As Shackelford had fun with his topic, I was struck by how purposefully Degas employed descriptive brush handling and unexpected composition. He had been guided by the Goncourt Brother’s directive to precisely portray life with a “living, human, inward line.” Although I haven’t read the Goncourt’s writings since graduate school, I do recall that Edmond Goncourt called Degas sickly and nervous and more skilled in capturing the essence of modern life than anyone he knew, and Jules Goncourt succumbed to the pox.


Edgar Degas, A Cotton Office in New Orleans, oil on canvas, 29 x 36 inches

My debauched Louisiana upbringing has me partial to paintings Degas made while he was in New Orleans, so it was exciting to encounter A Cotton Office in New Orleans in MFAH’s exhibition and in Shackelford’s discussion. The 1873 painting illustrates, among other figures in the office, Degas’s New Orleans uncle and mother’s brother, Michel Musson, who is seated in the foreground, and Degas’s two brothers, René, who reads the newspaper, and Achille, who leans against the window. The brothers had relocated to New Orleans from Paris to work with their uncle as importers and exporters of cotton. It’s probably dumb to try to isolate a focal point in a de-centered composition, but I vote for the “Times Picayune” newspaper in the hands of the exceedingly relaxed René, although some art historians would chose the messy waste basket. It’s possible my selection is influenced by having had my picture on the front page of that newspaper (holding a glass of bourbon.)

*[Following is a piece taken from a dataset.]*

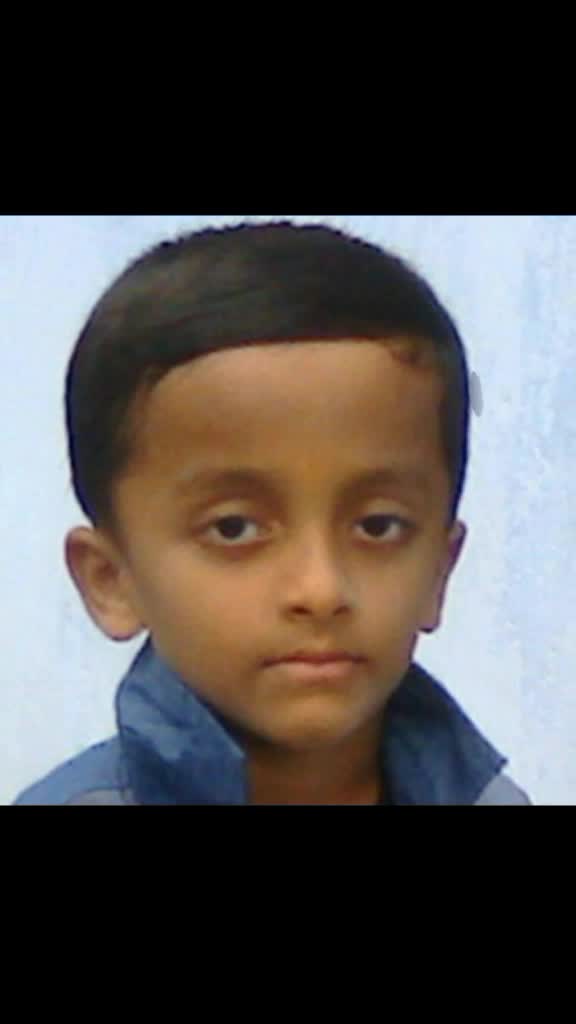 @revanth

Degas’s brother René behaved disgracefully. After marrying his New Orleans cousin Estelle Musson, the low life abandoned her and their six children and ran off to Paris with Madame Olivier, a family friend from the Esplanade neighborhood. This was despite the fact that Estelle was blind. In the New Orleans Museum of Art there is a lovely portrait of Estelle painted by Degas when she was expecting their fourth child, for whom Degas served as godfather.